The New Medicine Group is a highly experienced healthcare team based in London’s Harley Street, which integrates holistic and conventional medical approaches to provide a patient-centred approach to well-being. Founder Mr Stefan Chmelik explains: ‘Our holistic approach to health means that our patients receive the most effective treatments for their conditions. Although we see patients independently, we work together on complex cases providing a unique integrated approach that saves our patients, time, money and stress.’
Stefan is a Chinese Medicine Physician. He has been practising for nearly 20 years and specialises in the treatment of skin disorders, women’s health and complex conditions using a combination of Chinese medicine techniques, dietary therapy, integrated bodywork, counselling and mindfulness.
‘I offer nearly 20 years of real-life clinical experience with holistic therapies and a highly refined understanding of what makes people ill as well as what gets them better; including diet, breathing and stress levels alongside a range of effective natural treatment options,’ he explains. ‘Chinese Medicine is all about understanding what makes people tick, or what is making them ill, irrespective of where they come from, their culture or their background. For me, seeing a patient’s quality of life improve as treatment progresses is the most rewarding aspect of my job.’
Dr Damien Downing practises Ecological Medicine, focusing on allergy, environment and nutrition. He specialises in the identification and treatment of food intolerances, chemical sensitivities, inhalant allergies and environmental toxicity, including detoxification therapies. ‘Ecological medicine takes account of all the metabolic interactions between an individual and his or her environment – diet, allergies, toxicology and infection,’ he explains. ‘In a way what we practise is world medicine. We are highly aware of non-British approaches and medical advances and our patients choose us because they trust what we say about their health and about what we can achieve together.
‘I enjoy working on really tough cases and gain great satisfaction in treating patients who tell me that their specialist is baffled by their recovery against all prognoses!’

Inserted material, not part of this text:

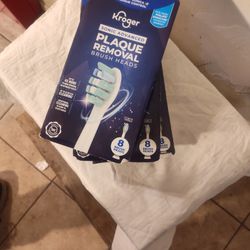 3-8 Packs Sonic Advance Plaque Removal Brush Heads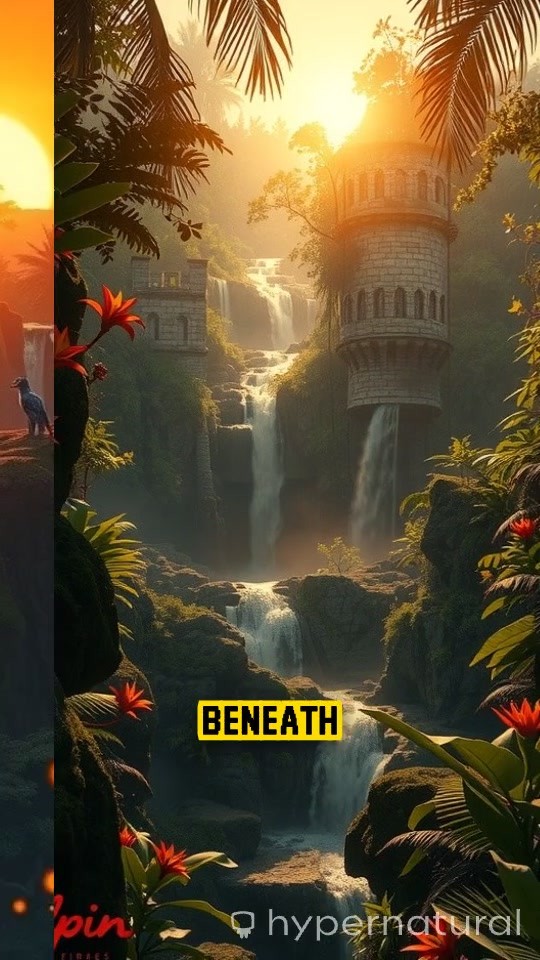 Jungle Journey: Adventure with Fantasy Friends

Dr Brian Kaplan is a Homeopath Physician and Provocative Therapist with 28 years clinical experience. ‘I am a fully qualified medical doctor running a private GP practice. I incorporate Homeopathy, Autogenic Therapy and Provocative Therapy as the three primary therapeutic approaches of choice. I find that Provocative Therapy is one of the most effective ways to catalyse change in people and I have to say it is my passion, as well as my favourite speciality in medicine,’ he explains.
‘Provocative Therapy is the cutting edge of the use of humour and reverse psychology in psychotherapy. Essentially an extraordinary conversation, its caring and therapeutic approach provokes patients into articulating, prescribing and enacting their own solutions to their problems. When patients own the solutions to their problems in this way, they are much more likely to enact those solutions in real life. This makes Provocative Therapy a potent form of brief psychotherapy that quickly gets results that tend to be long lasting and durable for a variety of issues.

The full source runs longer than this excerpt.